Supplied entries ->
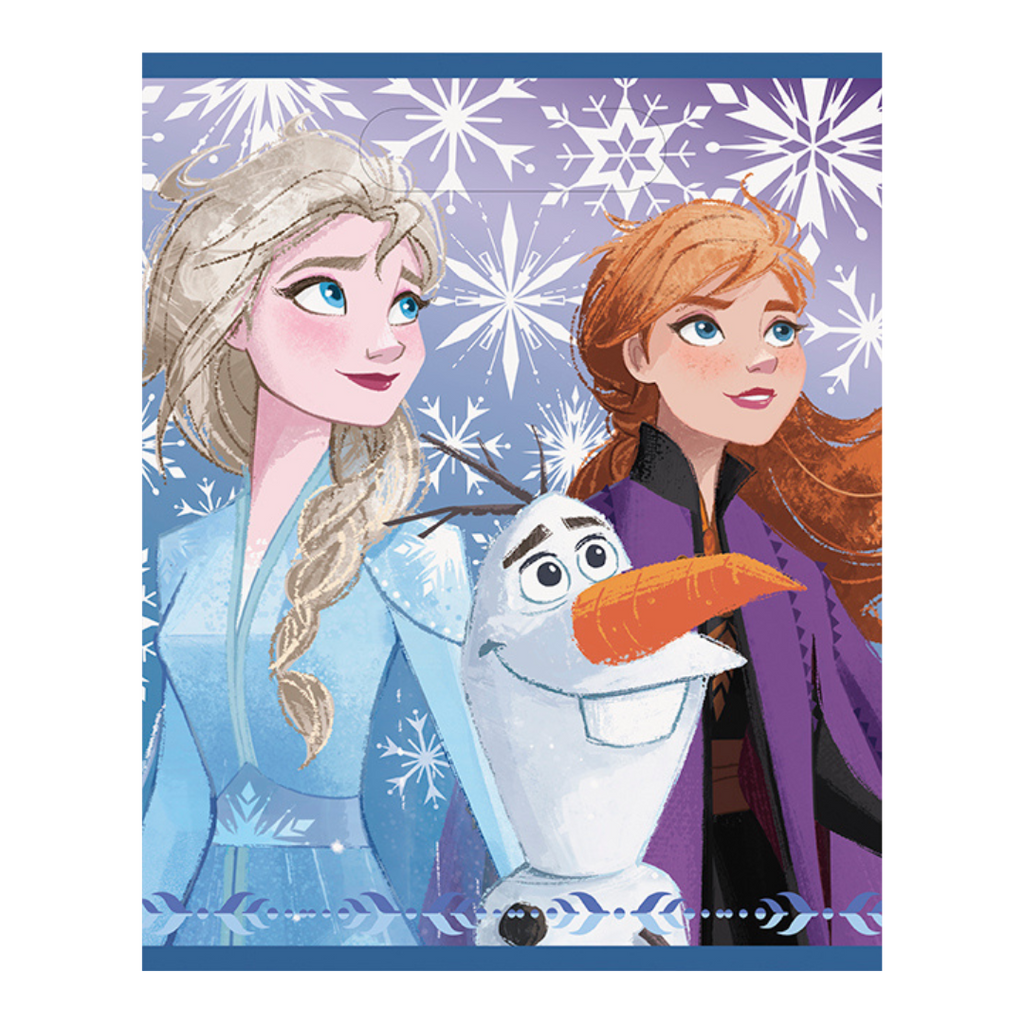 Blue Frozen themed napkin with Elsa Anna Olaf snowflakes for kids birthday from Parte Haus party supply store in Bethesda MD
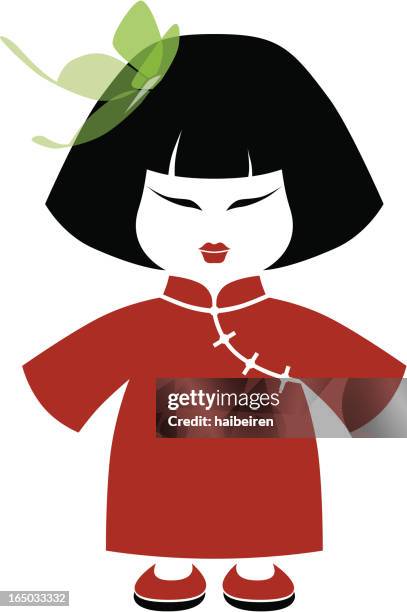 chinese girl - cheongsam stock illustrations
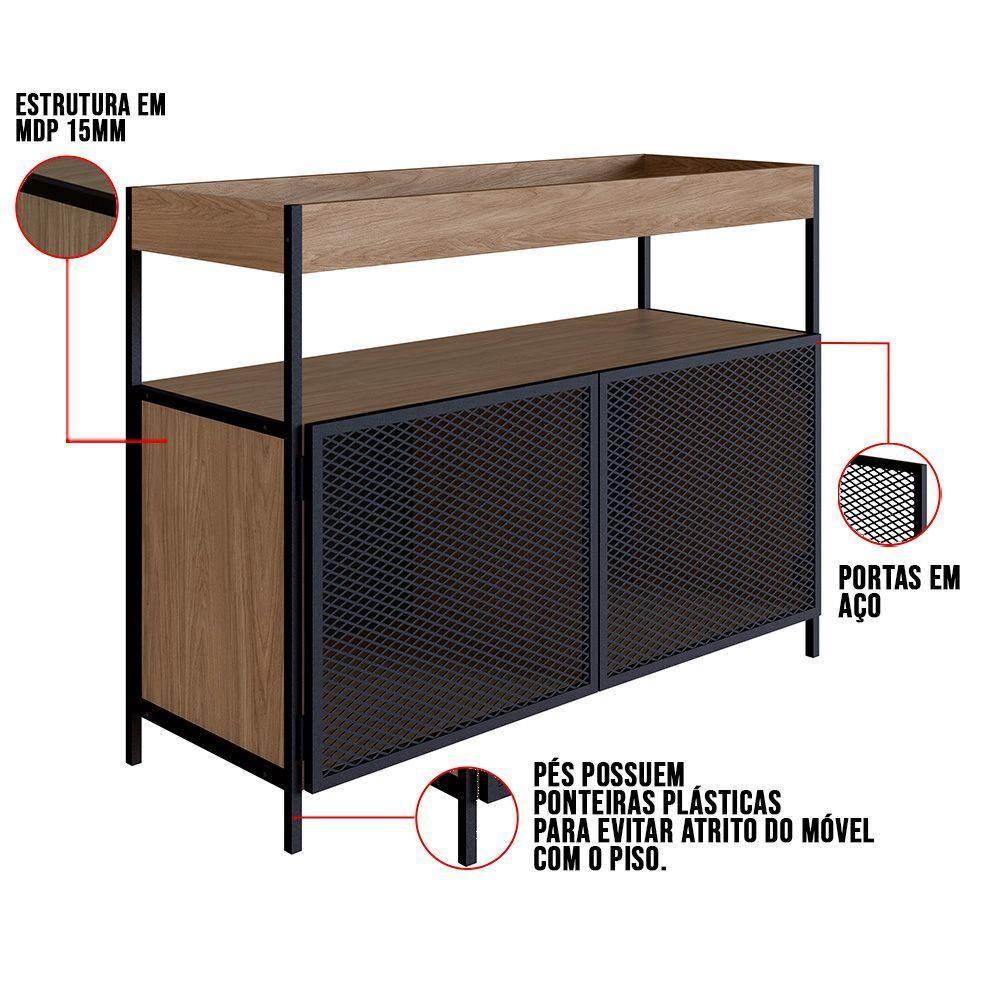 Buffet Bar New Vermont E Preto 100 Cm - D'rossi - 3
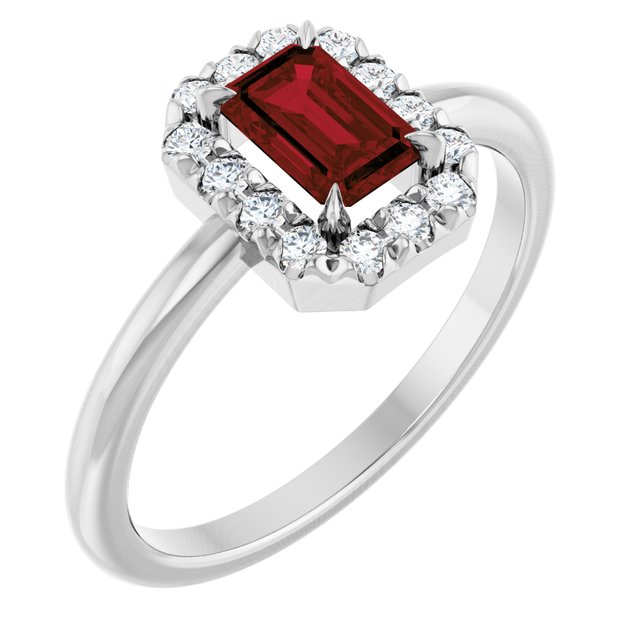 14K Gold Natural White Sapphire And Natural Diamond French-Set Halo-Style Ring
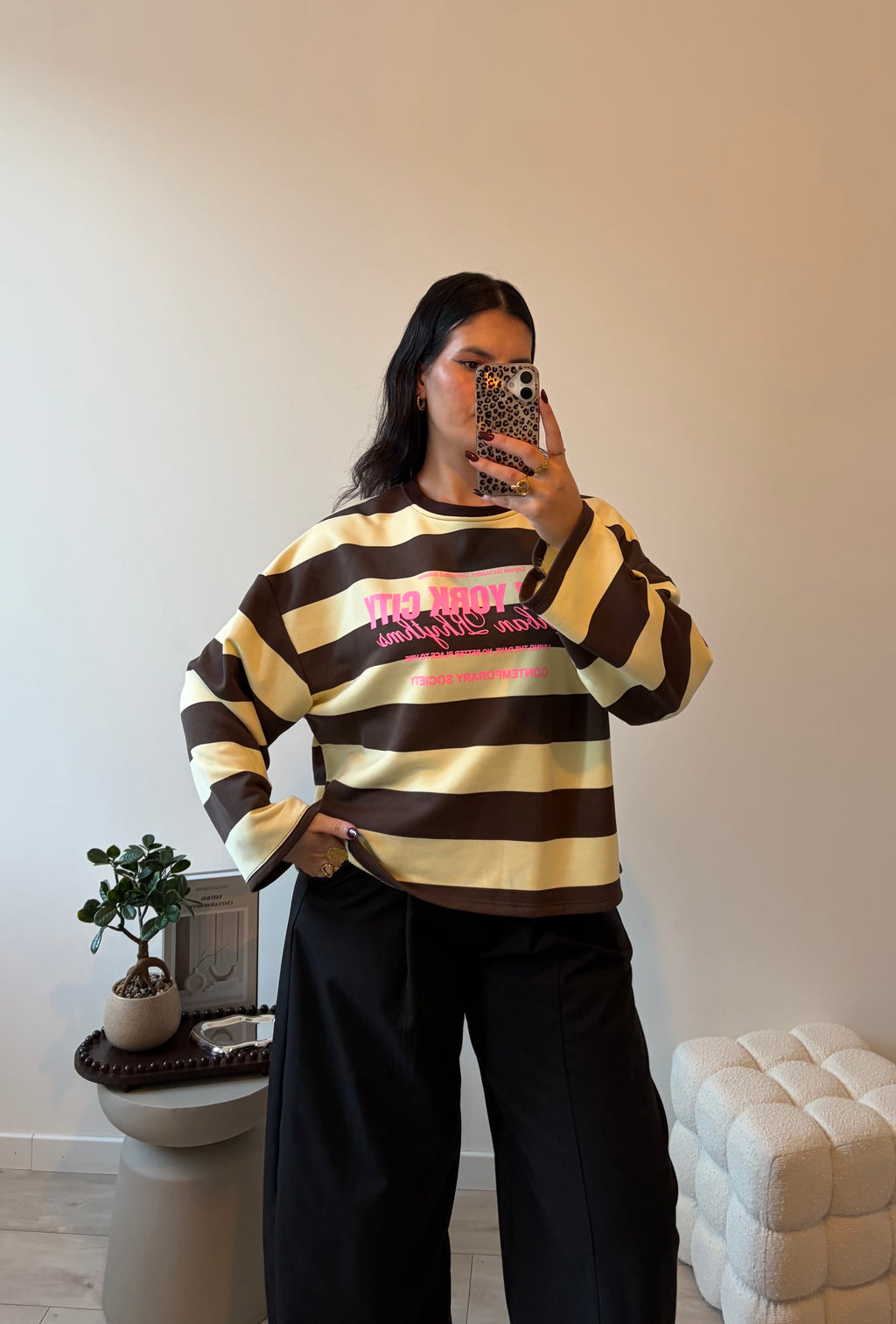 SWEAT VARSITY MARRON-JAUNE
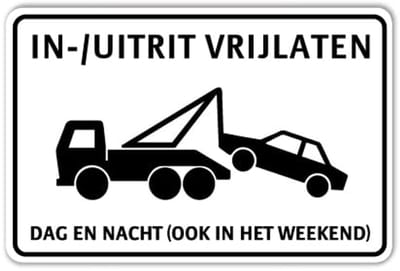 Bord In-/uitrit vrijlaten - Dag en nacht (ook in het weekend) - Weerbestendig Aluminium - 40x60 cm - Bevestiging: Zonder bevestiging (alleen het bord)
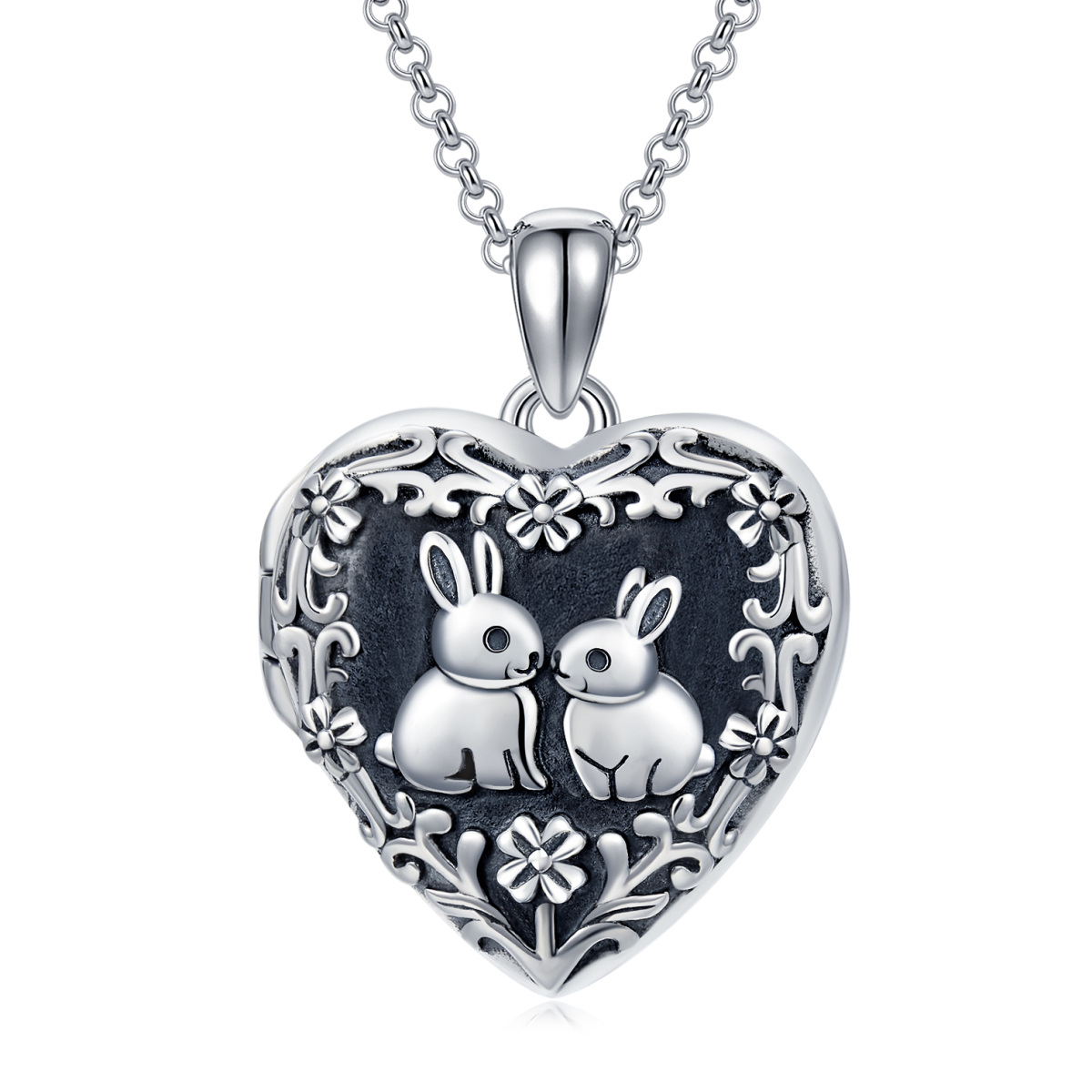 Collier en argent sterling avec pendentif photo personnalisé Lapin et coeur avec mot gravé-1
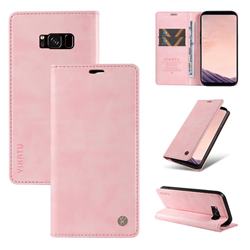 YIKATU Litchi Card Magnetic Automatic Suction Leather Flip Cover for Samsung Galaxy S8 Plus S8+ - Pink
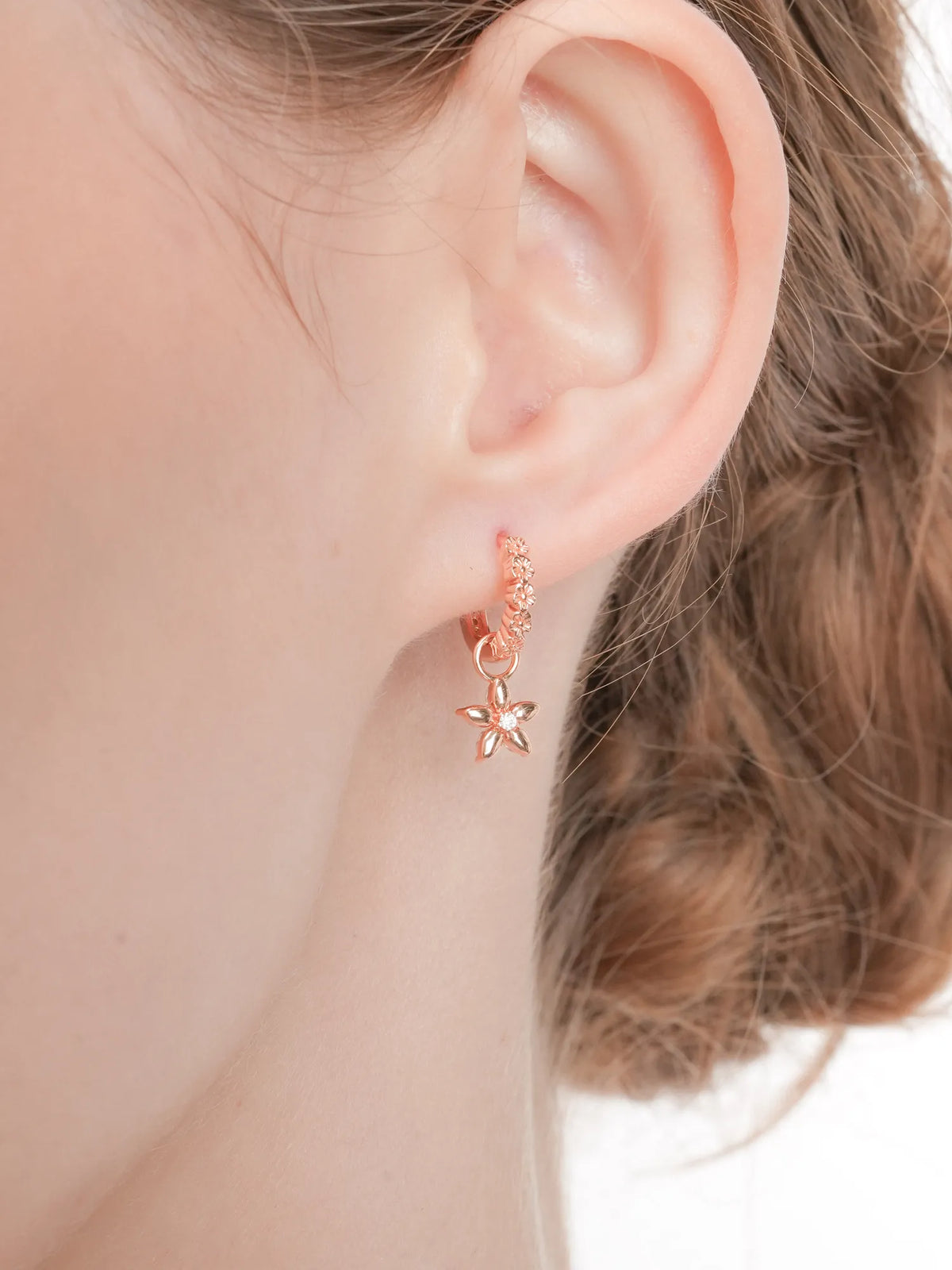 Peach Blossom Huggie Earrings - Reversible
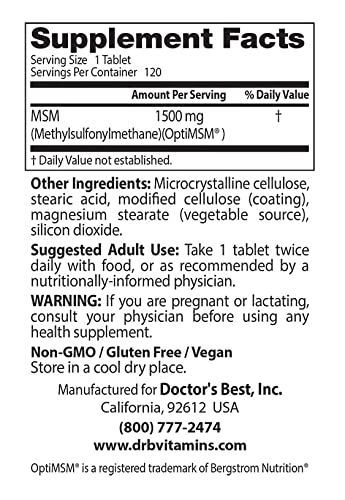 Doctor's Best MSM with OptiMSM, Non-GMO, Gluten Free, Joint Support, 1500 mg Doctor's BESTBuy Supplements Australia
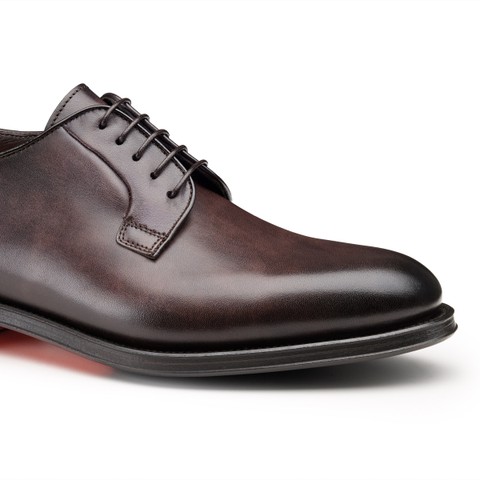 Men&rsquo;s polished brown leather Derby shoe - Santoni - 5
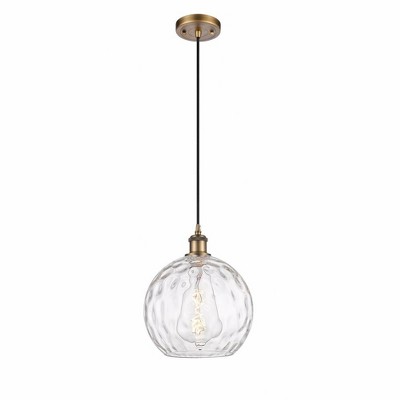Athens Water Glass - 1 Light Cord Mini Pendant In Industrial Style-13 Inches Tall and 10 Inches Wide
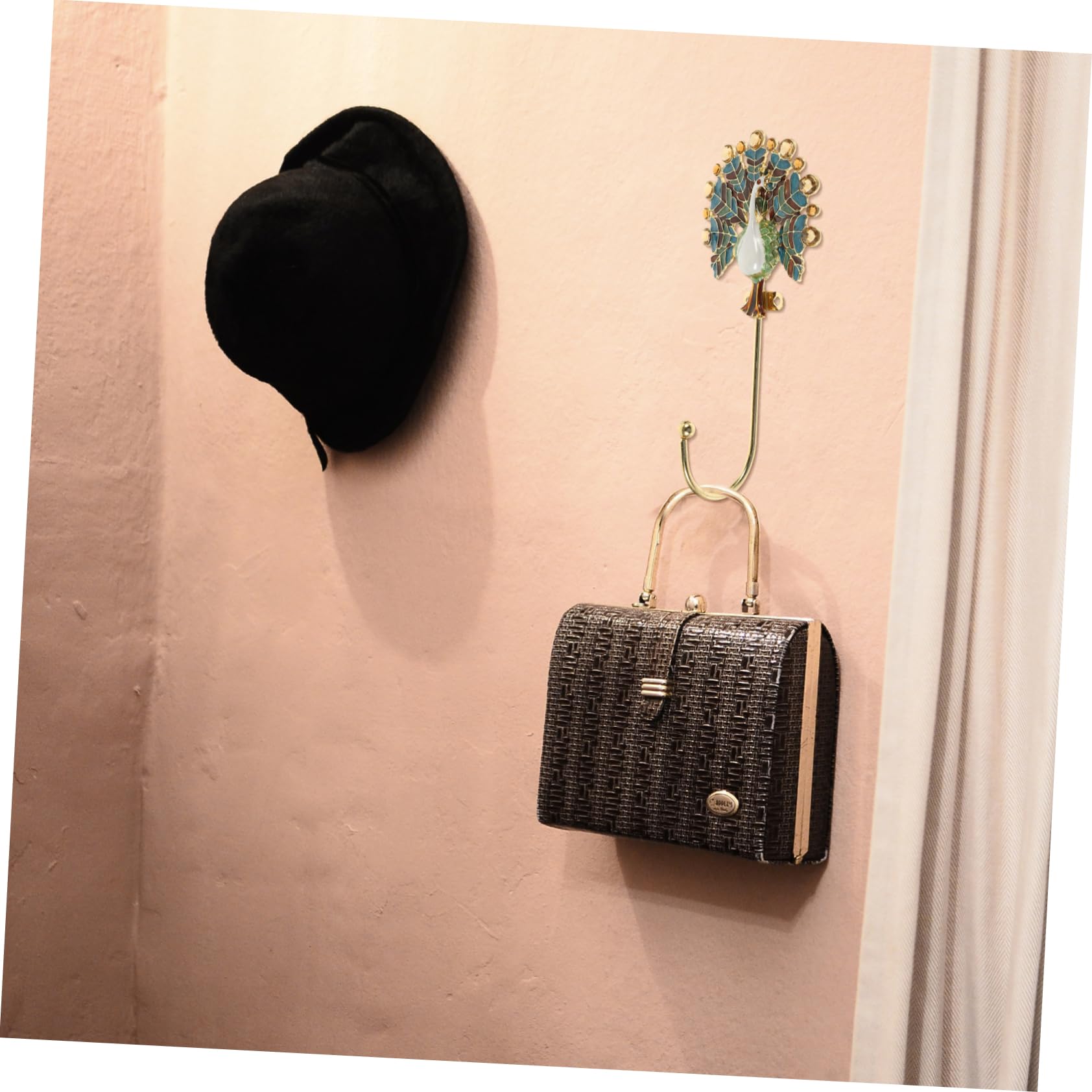NUOBESTY 2 Piezas Gancho de pavo real baño Delicado gancho de chaquetas manos gancho de pared decorativo perchas para sombreros ganchos antiguos para colgar estante Aleación de zinc
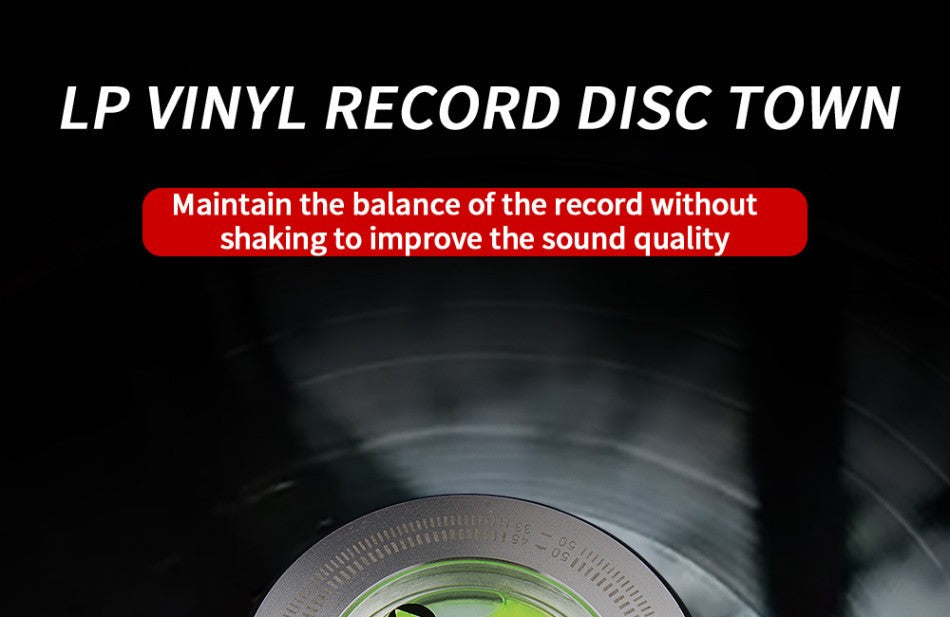 50Hz LP Toca-Discos de Vinil Universal para Discos de Música Estabilizador de Toca-Discos de Liga de Alumínio com Acessórios de Nível e Braçadeira de Peso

Description of the task ->
Beginning with the line with "14K Gold Natural", repeat the entries above exactly, up to and including the last line, leaving out pictures.

Solution to this task ->
 14K Gold Natural White Sapphire And Natural Diamond French-Set Halo-Style Ring
 SWEAT VARSITY MARRON-JAUNE
 Bord In-/uitrit vrijlaten - Dag en nacht (ook in het weekend) - Weerbestendig Aluminium - 40x60 cm - Bevestiging: Zonder bevestiging (alleen het bord)
 Collier en argent sterling avec pendentif photo personnalisé Lapin et coeur avec mot gravé-1
 YIKATU Litchi Card Magnetic Automatic Suction Leather Flip Cover for Samsung Galaxy S8 Plus S8+ - Pink
 Peach Blossom Huggie Earrings - Reversible
 Doctor's Best MSM with OptiMSM, Non-GMO, Gluten Free, Joint Support, 1500 mg Doctor's BESTBuy Supplements Australia
 Men&rsquo;s polished brown leather Derby shoe - Santoni - 5
Athens Water Glass - 1 Light Cord Mini Pendant In Industrial Style-13 Inches Tall and 10 Inches Wide
NUOBESTY 2 Piezas Gancho de pavo real baño Delicado gancho de chaquetas manos gancho de pared decorativo perchas para sombreros ganchos antiguos para colgar estante Aleación de zinc
 50Hz LP Toca-Discos de Vinil Universal para Discos de Música Estabilizador de Toca-Discos de Liga de Alumínio com Acessórios de Nível e Braçadeira de Peso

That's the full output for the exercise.